For a data pipeline or developer tool, prefer a machine-readable source when possible. A README table is easy for humans, but brittle for automation.
Star curve reading
The sampled star history shows public-apis growing from a small 2016 list into one of the largest developer resource repositories on GitHub. The curve is sampled because GitHub stargazer pagination is expensive at this size, so short-term point spacing should not be overread. The durable signal is that API discovery has remained a common developer need for years.

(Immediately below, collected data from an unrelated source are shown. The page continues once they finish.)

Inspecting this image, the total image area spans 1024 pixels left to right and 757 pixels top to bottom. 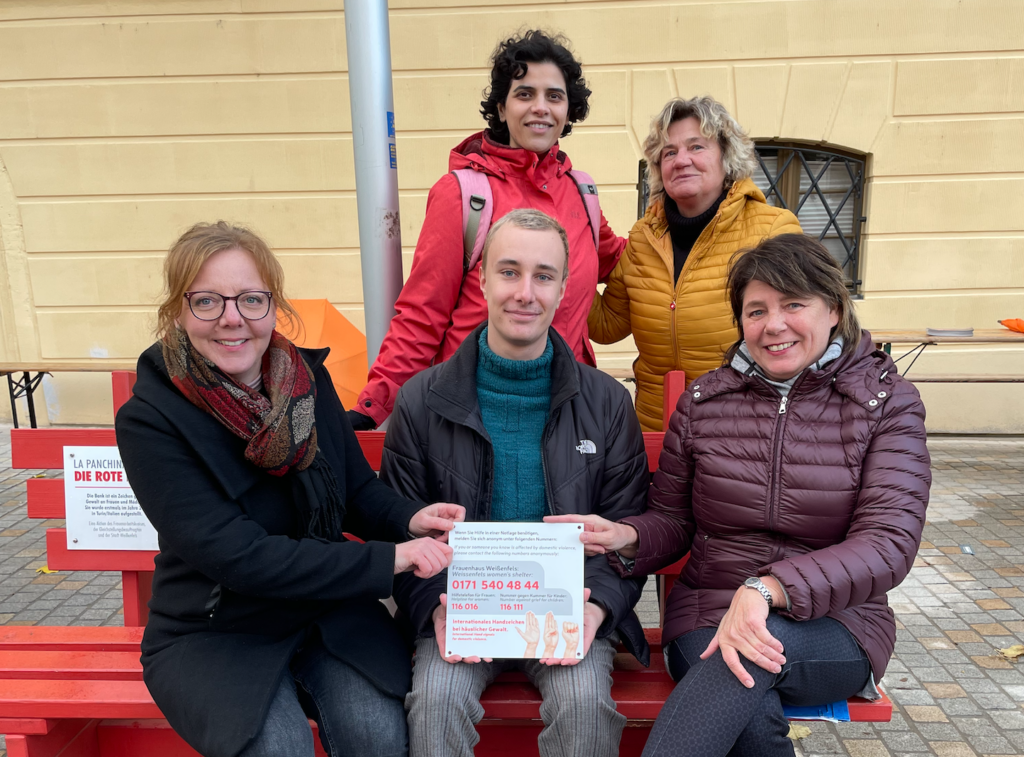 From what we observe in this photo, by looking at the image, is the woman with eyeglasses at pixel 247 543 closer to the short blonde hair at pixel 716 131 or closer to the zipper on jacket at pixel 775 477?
the zipper on jacket at pixel 775 477

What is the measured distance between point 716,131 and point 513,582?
1.75 m

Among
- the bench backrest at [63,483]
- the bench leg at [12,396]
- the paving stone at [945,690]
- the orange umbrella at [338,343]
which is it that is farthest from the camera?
the bench leg at [12,396]

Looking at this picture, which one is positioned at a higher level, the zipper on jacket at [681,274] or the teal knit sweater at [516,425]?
the zipper on jacket at [681,274]

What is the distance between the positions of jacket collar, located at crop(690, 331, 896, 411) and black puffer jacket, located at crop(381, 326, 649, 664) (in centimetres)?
34

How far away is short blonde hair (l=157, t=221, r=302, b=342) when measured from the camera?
1888 mm

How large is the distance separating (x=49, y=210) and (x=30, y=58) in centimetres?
138

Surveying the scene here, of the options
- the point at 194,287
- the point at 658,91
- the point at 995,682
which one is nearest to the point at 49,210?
the point at 658,91

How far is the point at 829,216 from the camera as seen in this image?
7.06 meters

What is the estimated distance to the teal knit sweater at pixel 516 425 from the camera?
86.4 inches

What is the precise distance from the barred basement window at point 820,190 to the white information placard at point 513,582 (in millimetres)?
5467

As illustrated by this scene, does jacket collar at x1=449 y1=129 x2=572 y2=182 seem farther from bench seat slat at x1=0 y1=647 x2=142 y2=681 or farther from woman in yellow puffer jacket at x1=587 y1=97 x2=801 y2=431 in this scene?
bench seat slat at x1=0 y1=647 x2=142 y2=681

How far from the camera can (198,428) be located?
1.84 metres

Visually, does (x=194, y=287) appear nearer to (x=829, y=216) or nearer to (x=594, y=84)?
(x=594, y=84)

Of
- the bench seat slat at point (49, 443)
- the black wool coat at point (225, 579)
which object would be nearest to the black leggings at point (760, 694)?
the black wool coat at point (225, 579) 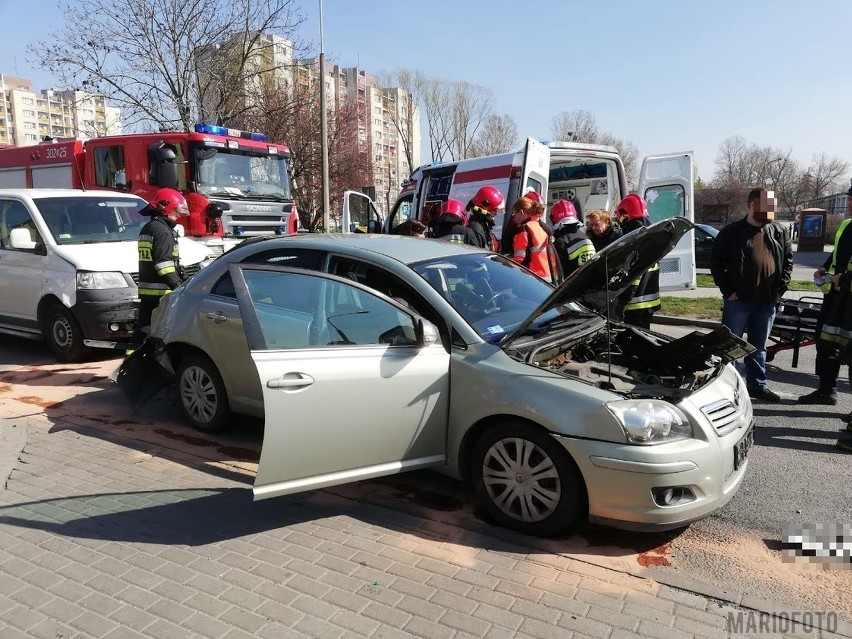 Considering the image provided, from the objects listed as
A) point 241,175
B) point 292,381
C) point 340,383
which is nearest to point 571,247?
point 340,383

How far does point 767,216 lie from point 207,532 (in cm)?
520

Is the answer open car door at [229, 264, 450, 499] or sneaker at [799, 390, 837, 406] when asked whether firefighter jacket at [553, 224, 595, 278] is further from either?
open car door at [229, 264, 450, 499]

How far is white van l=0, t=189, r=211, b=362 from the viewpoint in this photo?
23.5 ft

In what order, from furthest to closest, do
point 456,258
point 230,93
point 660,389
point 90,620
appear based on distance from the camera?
point 230,93 → point 456,258 → point 660,389 → point 90,620

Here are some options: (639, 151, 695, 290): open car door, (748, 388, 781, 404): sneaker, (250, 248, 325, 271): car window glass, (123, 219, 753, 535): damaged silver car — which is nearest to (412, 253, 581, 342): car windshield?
(123, 219, 753, 535): damaged silver car

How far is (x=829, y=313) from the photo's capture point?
543 cm

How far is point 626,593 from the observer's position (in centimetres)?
297

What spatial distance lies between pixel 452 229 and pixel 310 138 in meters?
24.5

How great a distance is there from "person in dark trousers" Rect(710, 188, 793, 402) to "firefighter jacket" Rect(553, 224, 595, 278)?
1.15 m

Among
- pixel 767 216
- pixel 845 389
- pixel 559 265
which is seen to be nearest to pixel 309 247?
pixel 559 265

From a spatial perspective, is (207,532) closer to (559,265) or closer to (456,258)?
(456,258)

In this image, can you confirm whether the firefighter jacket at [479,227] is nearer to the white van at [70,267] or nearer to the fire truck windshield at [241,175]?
the white van at [70,267]

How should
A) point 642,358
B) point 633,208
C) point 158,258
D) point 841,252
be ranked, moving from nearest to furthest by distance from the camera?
1. point 642,358
2. point 841,252
3. point 158,258
4. point 633,208

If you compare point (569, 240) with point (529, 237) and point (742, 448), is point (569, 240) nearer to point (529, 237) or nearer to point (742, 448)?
point (529, 237)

The project also shows a second lesson: popular lists become infrastructure. Once a list gets enough traffic, ownership, sponsorship, review rules, and spam control become product issues, not side details.
Related reading
For broad developer resource discovery, see sindresorhus/awesome. For learning projects that use public APIs as practice material, see codecrafters-io/build-your-own-x. For a different education-focused resource catalog, see freeCodeCamp/freeCodeCamp. The wider discovery hub is GitHub trending repositories.
FAQ
What is public-apis/public-apis? It is a large curated list of public APIs grouped by category, with fields for authentication, HTTPS, and CORS.
Is public-apis still maintained? The repository still receives pushes and pull requests, but it also has a large open issue count and a long-running governance dispute. Check recent merged work before relying on it.
Why does the README mention APILayer? The current README includes APILayer promotion near the top. Issue #3104 records community concern about APILayer influence and maintainer access.
What is the active fork people mention? Issue #3484 points users to public-apis-dev/public-apis, which currently resolves to marcelscruz/public-apis.
Can I use a listed API in production? Only after verifying the provider documentation directly. The list is a discovery tool, not a guarantee about terms, uptime, pricing, auth, CORS, or data quality.